_Action item_
Retype every entry below without altering anything.

(Collected data)
-=-=-=-=-
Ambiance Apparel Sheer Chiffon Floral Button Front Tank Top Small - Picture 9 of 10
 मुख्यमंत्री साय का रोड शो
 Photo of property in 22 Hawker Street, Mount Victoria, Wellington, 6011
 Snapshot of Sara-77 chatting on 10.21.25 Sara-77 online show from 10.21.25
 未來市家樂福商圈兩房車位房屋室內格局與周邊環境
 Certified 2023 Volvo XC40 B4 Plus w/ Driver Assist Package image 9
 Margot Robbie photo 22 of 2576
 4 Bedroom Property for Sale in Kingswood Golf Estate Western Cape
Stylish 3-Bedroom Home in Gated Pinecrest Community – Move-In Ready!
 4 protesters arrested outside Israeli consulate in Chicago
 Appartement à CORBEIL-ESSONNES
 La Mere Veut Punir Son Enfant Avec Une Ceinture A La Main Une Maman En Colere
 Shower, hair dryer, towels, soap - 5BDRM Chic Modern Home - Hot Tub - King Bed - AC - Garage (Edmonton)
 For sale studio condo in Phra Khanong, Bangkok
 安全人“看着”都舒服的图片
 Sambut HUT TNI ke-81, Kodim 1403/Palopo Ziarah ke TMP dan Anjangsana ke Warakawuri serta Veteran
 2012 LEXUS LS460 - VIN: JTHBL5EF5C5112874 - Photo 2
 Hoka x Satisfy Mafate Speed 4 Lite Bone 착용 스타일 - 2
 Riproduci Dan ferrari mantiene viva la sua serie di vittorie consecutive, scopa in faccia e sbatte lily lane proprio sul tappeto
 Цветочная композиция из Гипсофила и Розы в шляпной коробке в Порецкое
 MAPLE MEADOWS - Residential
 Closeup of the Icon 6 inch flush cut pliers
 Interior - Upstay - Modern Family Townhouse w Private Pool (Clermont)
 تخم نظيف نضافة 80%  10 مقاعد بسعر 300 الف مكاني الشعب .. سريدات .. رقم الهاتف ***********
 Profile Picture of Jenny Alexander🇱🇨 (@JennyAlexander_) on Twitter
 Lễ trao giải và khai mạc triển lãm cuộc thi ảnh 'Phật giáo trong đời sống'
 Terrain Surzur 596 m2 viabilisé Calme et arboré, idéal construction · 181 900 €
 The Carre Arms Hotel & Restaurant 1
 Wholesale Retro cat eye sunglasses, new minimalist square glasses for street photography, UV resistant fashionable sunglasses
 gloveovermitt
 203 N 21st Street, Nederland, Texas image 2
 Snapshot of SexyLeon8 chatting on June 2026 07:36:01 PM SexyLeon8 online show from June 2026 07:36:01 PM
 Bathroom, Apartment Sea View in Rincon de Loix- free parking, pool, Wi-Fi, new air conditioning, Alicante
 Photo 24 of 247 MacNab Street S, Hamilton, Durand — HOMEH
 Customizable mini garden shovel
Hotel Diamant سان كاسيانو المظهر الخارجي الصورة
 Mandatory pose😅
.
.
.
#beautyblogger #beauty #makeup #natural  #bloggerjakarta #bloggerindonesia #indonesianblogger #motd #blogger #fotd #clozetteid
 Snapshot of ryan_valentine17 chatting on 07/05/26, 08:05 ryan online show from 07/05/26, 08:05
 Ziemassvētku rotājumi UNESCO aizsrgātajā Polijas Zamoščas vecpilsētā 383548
-=-=-=-=-
_Written response_
Ambiance Apparel Sheer Chiffon Floral Button Front Tank Top Small - Picture 9 of 10
 मुख्यमंत्री साय का रोड शो
 Photo of property in 22 Hawker Street, Mount Victoria, Wellington, 6011
 Snapshot of Sara-77 chatting on 10.21.25 Sara-77 online show from 10.21.25
 未來市家樂福商圈兩房車位房屋室內格局與周邊環境
 Certified 2023 Volvo XC40 B4 Plus w/ Driver Assist Package image 9
 Margot Robbie photo 22 of 2576
 4 Bedroom Property for Sale in Kingswood Golf Estate Western Cape
Stylish 3-Bedroom Home in Gated Pinecrest Community – Move-In Ready!
 4 protesters arrested outside Israeli consulate in Chicago
 Appartement à CORBEIL-ESSONNES
 La Mere Veut Punir Son Enfant Avec Une Ceinture A La Main Une Maman En Colere
 Shower, hair dryer, towels, soap - 5BDRM Chic Modern Home - Hot Tub - King Bed - AC - Garage (Edmonton)
 For sale studio condo in Phra Khanong, Bangkok
 安全人“看着”都舒服的图片
 Sambut HUT TNI ke-81, Kodim 1403/Palopo Ziarah ke TMP dan Anjangsana ke Warakawuri serta Veteran
 2012 LEXUS LS460 - VIN: JTHBL5EF5C5112874 - Photo 2
 Hoka x Satisfy Mafate Speed 4 Lite Bone 착용 스타일 - 2
 Riproduci Dan ferrari mantiene viva la sua serie di vittorie consecutive, scopa in faccia e sbatte lily lane proprio sul tappeto
 Цветочная композиция из Гипсофила и Розы в шляпной коробке в Порецкое
 MAPLE MEADOWS - Residential
 Closeup of the Icon 6 inch flush cut pliers
 Interior - Upstay - Modern Family Townhouse w Private Pool (Clermont)
 تخم نظيف نضافة 80%  10 مقاعد بسعر 300 الف مكاني الشعب .. سريدات .. رقم الهاتف ***********
 Profile Picture of Jenny Alexander🇱🇨 (@JennyAlexander_) on Twitter
 Lễ trao giải và khai mạc triển lãm cuộc thi ảnh 'Phật giáo trong đời sống'
 Terrain Surzur 596 m2 viabilisé Calme et arboré, idéal construction · 181 900 €
 The Carre Arms Hotel & Restaurant 1
 Wholesale Retro cat eye sunglasses, new minimalist square glasses for street photography, UV resistant fashionable sunglasses
 gloveovermitt
 203 N 21st Street, Nederland, Texas image 2
 Snapshot of SexyLeon8 chatting on June 2026 07:36:01 PM SexyLeon8 online show from June 2026 07:36:01 PM
 Bathroom, Apartment Sea View in Rincon de Loix- free parking, pool, Wi-Fi, new air conditioning, Alicante
 Photo 24 of 247 MacNab Street S, Hamilton, Durand — HOMEH
 Customizable mini garden shovel
Hotel Diamant سان كاسيانو المظهر الخارجي الصورة
 Mandatory pose😅
.
.
.
#beautyblogger #beauty #makeup #natural  #bloggerjakarta #bloggerindonesia #indonesianblogger #motd #blogger #fotd #clozetteid
 Snapshot of ryan_valentine17 chatting on 07/05/26, 08:05 ryan online show from 07/05/26, 08:05
 Ziemassvētku rotājumi UNESCO aizsrgātajā Polijas Zamoščas vecpilsētā 383548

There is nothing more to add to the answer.